Hi, I have just purchased a few Pro Drive Switch Machines and want to connect them to my SS Aristocraft #6 Switches... my problem is that the Pro Drive mounting points will not align with both of the Aristocraft Mounting points.. Has anybody come across this issue and come up with a work around?

Any assistance would be greatly appreciated.

Thank You

Phil


----------



## John J (Dec 29, 2007)

Can you get a picture? Put the Switch Machine next to the switch like it would be mounted. 

JJ


----------



## RGS K27-461 (Jan 8, 2008)

John, sorry for not replying sooner but I'm running on a generator at the moment due to storm damage that took out my power supply 6 days ago. I'll try to get it done shortly.


----------



## RGS K27-461 (Jan 8, 2008)

Hi John, Here is the picture, I apologize if the picture is too big for the site.


----------



## riderdan (Jan 2, 2014)

What about a brass strip? Screw the strip down to the top of the switch machine, align the throw bar, then screw to the bottom of the ties.

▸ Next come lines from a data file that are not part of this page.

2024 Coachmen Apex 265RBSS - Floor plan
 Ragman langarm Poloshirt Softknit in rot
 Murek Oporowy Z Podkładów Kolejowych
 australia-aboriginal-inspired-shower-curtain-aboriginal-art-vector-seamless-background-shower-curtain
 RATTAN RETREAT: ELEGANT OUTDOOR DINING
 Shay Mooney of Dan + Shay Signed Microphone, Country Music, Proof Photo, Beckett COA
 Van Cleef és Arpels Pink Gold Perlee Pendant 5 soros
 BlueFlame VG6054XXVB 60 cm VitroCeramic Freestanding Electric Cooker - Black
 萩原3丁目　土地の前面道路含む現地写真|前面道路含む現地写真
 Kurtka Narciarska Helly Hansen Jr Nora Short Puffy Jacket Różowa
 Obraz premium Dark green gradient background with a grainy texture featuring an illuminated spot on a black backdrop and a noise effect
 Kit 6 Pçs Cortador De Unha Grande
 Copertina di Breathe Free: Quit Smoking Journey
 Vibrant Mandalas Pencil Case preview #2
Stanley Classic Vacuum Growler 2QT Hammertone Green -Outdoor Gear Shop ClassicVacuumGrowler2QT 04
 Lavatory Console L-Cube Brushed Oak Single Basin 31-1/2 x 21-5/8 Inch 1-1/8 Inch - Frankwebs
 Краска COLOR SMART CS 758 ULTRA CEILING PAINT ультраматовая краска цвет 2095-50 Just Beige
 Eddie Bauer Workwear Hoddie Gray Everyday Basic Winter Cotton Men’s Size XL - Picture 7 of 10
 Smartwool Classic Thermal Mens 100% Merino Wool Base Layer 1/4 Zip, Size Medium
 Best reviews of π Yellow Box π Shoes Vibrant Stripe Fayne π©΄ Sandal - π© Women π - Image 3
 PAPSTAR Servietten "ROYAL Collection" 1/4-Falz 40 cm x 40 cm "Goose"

That would eliminate any alignment problems.


----------



## RGS K27-461 (Jan 8, 2008)

Thanks Riderdan & John for your assistance.
My Understanding:
I will have to cut away part of the the underside of the tie that is in the way, then use the brass strip between the two outer ties of the one I partially remove.

That sounds pretty straight forward, I didnt want to cut up my point unless I really had to. A good compromise. I dont think anyone will notice it once its done.

I'll post some pics once I'm done. Only got the power back on a few hours ago, 7 days without power is a real b*mmer. 

Phil


----------